*Raw data*
Segment Open
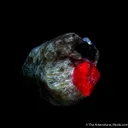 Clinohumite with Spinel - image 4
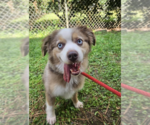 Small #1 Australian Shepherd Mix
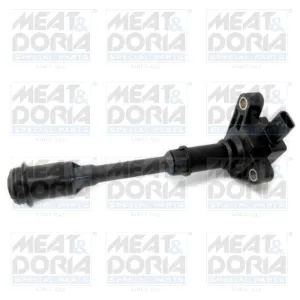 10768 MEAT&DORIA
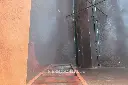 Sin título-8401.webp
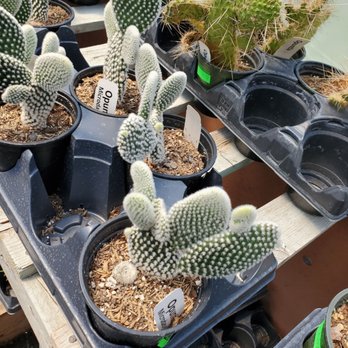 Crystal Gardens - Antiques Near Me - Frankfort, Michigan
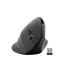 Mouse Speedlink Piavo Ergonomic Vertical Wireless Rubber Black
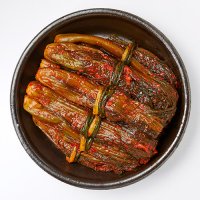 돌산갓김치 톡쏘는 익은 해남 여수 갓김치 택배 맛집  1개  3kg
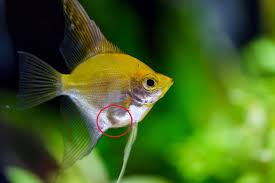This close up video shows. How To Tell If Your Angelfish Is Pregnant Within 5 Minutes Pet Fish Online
Segment Closed
Segment Open
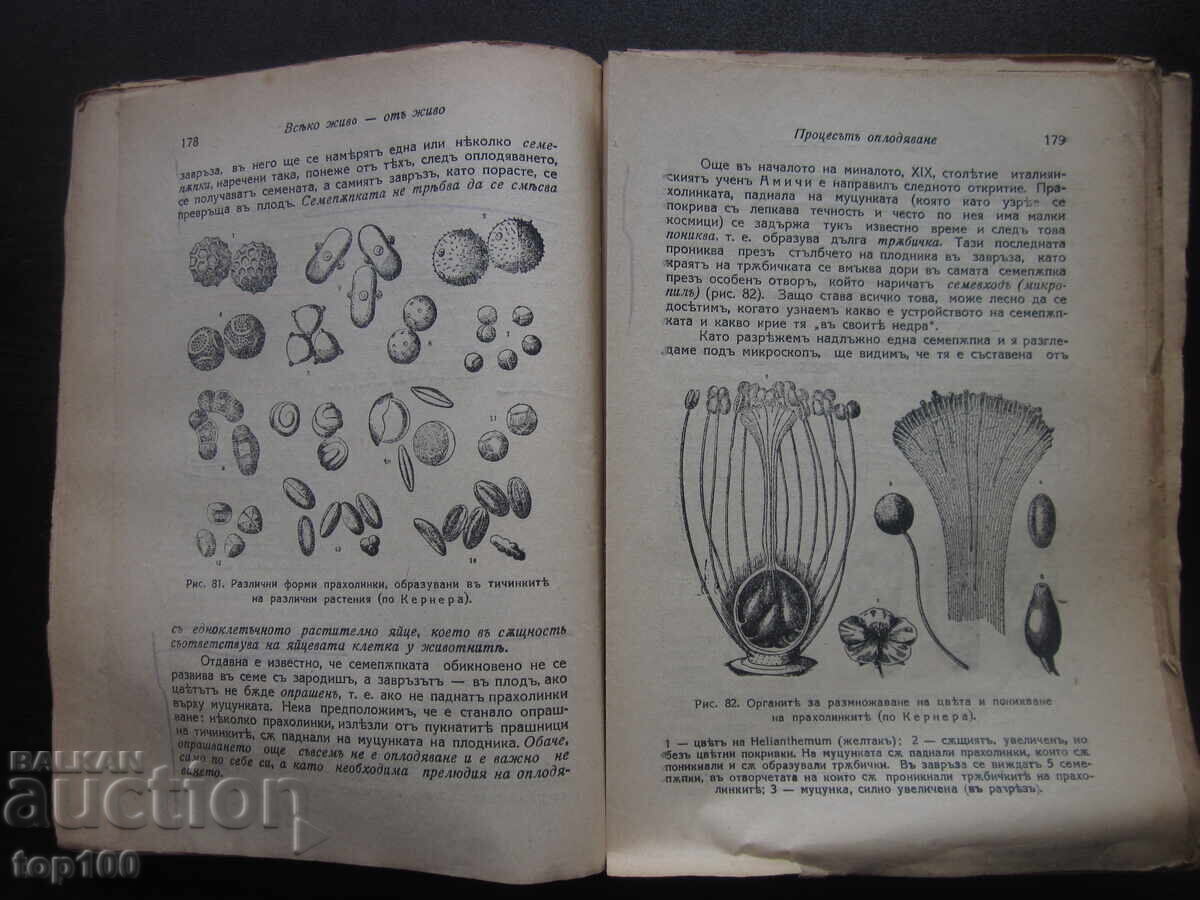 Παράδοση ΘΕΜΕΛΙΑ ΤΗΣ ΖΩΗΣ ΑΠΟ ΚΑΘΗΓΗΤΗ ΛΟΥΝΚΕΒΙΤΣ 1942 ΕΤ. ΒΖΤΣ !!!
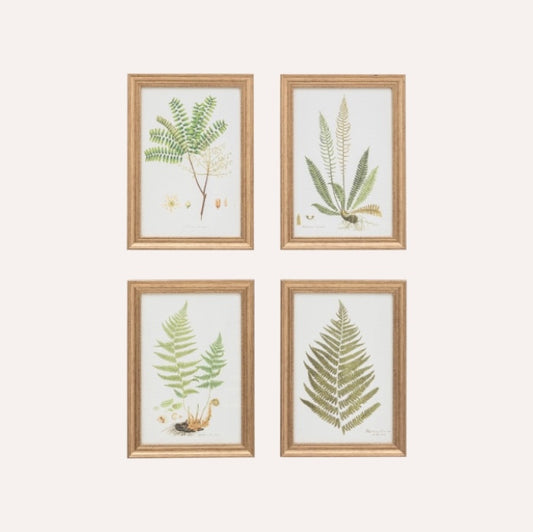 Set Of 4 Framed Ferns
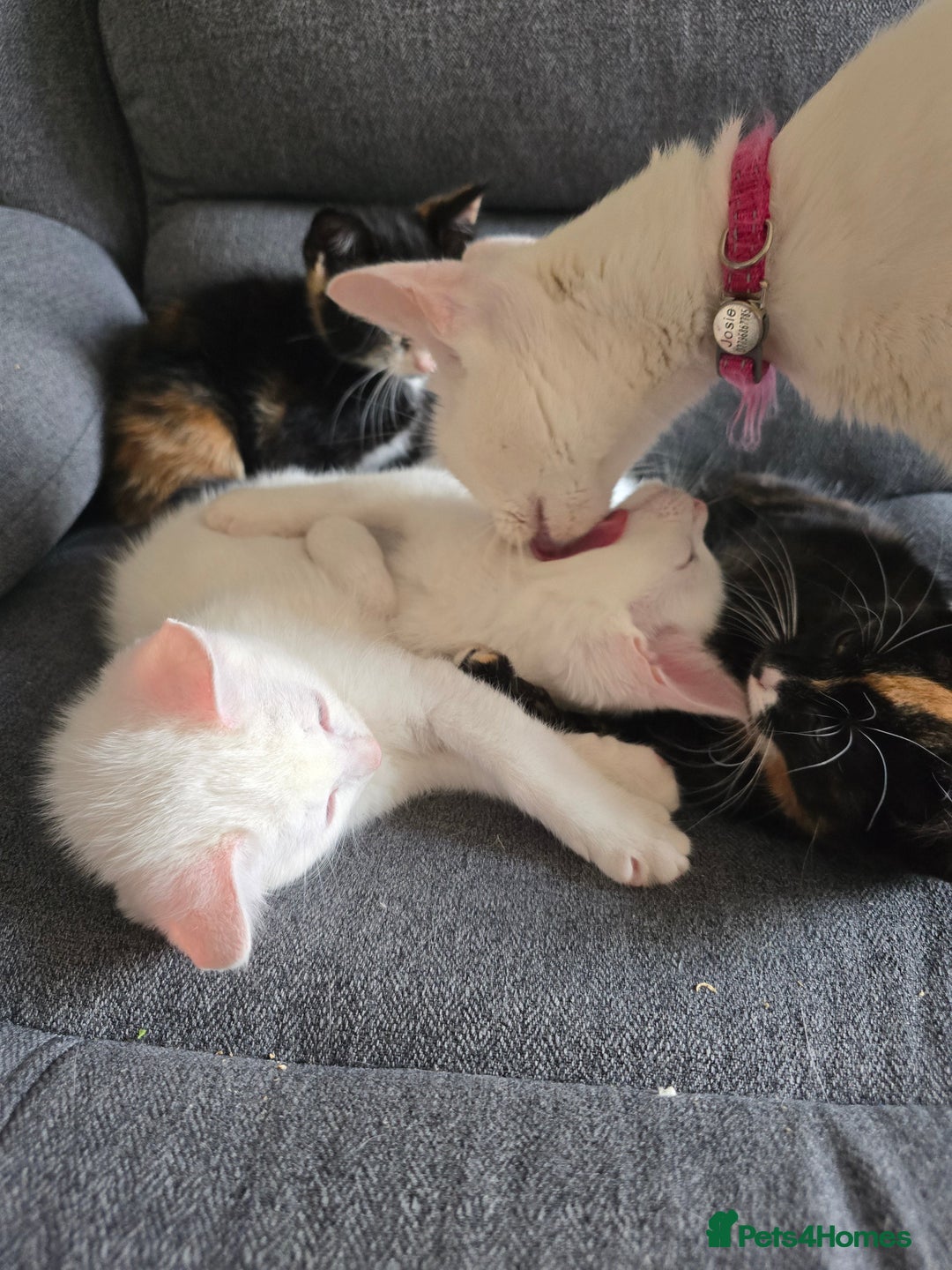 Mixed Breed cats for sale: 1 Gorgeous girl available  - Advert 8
Segment Closed
Segment Open
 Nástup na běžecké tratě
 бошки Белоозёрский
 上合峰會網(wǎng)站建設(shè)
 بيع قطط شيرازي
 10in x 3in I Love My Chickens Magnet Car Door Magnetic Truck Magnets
Segment Closed
*Exercise aim*
Once the line with "Clinohumite with Spinel - image 4" is found above, print it and every line after it through the line with "This close up", exactly. Pictures stay out.

*Answer for the task*
 Clinohumite with Spinel - image 4
 Small #1 Australian Shepherd Mix
 10768 MEAT&DORIA
 Sin título-8401.webp
 Crystal Gardens - Antiques Near Me - Frankfort, Michigan
 Mouse Speedlink Piavo Ergonomic Vertical Wireless Rubber Black
 돌산갓김치 톡쏘는 익은 해남 여수 갓김치 택배 맛집  1개  3kg
This close up video shows. How To Tell If Your Angelfish Is Pregnant Within 5 Minutes Pet Fish Online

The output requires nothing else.